2025-01-22 16:29 ` Kieran Kunhya via ffmpeg-devel
@ 2025-01-22 16:53 ` Romain Beauxis
2025-01-22 16:57 ` Kieran Kunhya via ffmpeg-devel
0 siblings, 1 reply; 24+ messages in thread
From: Romain Beauxis @ 2025-01-22 16:53 UTC (permalink / raw)
To: FFmpeg development discussions and patches; +Cc: Kieran Kunhya
Le mer. 22 janv. 2025 à 10:29, Kieran Kunhya via ffmpeg-devel
<ffmpeg-devel@ffmpeg.org> a écrit :
>
> On Wed, Jan 22, 2025 at 3:33 PM Michael Niedermayer
> <michael@niedermayer.cc> wrote:
> >
> > On Mon, Jan 20, 2025 at 06:46:46AM +0000, Kieran Kunhya via ffmpeg-devel wrote:
> > > >
> > > > > The data arrives on multiple sockets, leading to all sorts
> > > > > of opportunities for timing behavior and reordering issues.
> > > >
> > > > how does this matter?
> > > >
> > >
> > > There are routers that put traffic on a different port down a different ISP
> > > so you have to compensate for latency delays between the two links. You
> > > can't just "buffer N packets".
> > >
> > > Another edge case.
> >
> > I dont know why you assume "buffer N packets".
> >
> > Packets enter this buffer when they are received
> > Packets should exit that (buffer + FEC) when they are needed for decompression
> > (for presentation to the user) or slightly prior
> >
> > Removing them from the buffer earlier has a higher propability of failure
> > so it is strictly worse.
>
> Wrong, the packets leave the buffer at a fixed duration corresponding
> to (an estimate of) 2 times the matrix duration (the spec was written
> for CBR so this is a constant) so that latency is fixed. There is
> packet loss (by definition) so a buffer of N packets may be much
> larger than 2 times the matrix duration.
>
> "when they are needed for decompression" -> this is real-time RTP, not a file.

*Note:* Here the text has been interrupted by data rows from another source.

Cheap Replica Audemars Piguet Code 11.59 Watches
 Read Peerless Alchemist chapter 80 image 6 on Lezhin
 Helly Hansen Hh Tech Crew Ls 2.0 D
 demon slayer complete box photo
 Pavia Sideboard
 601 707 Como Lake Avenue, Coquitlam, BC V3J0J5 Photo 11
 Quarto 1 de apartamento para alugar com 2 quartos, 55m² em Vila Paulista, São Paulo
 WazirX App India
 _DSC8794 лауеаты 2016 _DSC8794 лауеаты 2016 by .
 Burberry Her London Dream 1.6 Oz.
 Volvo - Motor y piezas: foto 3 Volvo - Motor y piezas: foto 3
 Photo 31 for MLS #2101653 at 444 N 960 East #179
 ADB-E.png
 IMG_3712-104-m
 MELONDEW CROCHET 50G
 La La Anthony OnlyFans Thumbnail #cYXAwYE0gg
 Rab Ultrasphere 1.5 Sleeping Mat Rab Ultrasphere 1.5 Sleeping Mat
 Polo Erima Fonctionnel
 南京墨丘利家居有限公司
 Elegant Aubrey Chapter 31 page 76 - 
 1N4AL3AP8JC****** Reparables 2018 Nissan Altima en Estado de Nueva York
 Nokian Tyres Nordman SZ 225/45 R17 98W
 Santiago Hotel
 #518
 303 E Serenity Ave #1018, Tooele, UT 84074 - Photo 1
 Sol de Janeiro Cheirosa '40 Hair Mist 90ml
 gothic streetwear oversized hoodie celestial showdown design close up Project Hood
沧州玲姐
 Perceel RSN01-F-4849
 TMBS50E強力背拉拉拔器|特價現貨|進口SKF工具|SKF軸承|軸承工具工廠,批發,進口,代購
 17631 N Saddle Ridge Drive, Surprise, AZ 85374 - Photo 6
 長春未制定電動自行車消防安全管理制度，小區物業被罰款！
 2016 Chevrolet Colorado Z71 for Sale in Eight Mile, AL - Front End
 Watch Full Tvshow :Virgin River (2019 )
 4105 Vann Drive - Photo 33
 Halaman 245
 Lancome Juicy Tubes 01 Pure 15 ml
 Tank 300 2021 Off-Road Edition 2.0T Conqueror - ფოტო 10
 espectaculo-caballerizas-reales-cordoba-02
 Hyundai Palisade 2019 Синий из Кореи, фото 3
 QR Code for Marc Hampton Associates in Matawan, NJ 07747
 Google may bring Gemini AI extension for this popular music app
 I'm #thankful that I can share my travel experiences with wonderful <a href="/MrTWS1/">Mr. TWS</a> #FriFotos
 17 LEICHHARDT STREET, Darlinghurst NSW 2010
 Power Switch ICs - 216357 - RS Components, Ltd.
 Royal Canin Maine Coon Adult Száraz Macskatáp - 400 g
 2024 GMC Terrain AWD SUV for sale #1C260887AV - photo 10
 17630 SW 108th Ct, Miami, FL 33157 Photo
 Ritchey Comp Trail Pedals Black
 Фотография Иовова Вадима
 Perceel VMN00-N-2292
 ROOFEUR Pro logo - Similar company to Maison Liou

> The issue you have with FEC going down a different path is the FEC
> packets can arrive a lot earlier than the latency window or a lot
> later and you have to compensate for this with heuristics.
>
> All packets can be reordered or even duplicated which as far as I know
> this code doesn't cover either.
Packet reordering is covered.
Packets are stored in a binary tree indexed by their sequence ID and
pulled out based on that ID as well. That takes care of reordering.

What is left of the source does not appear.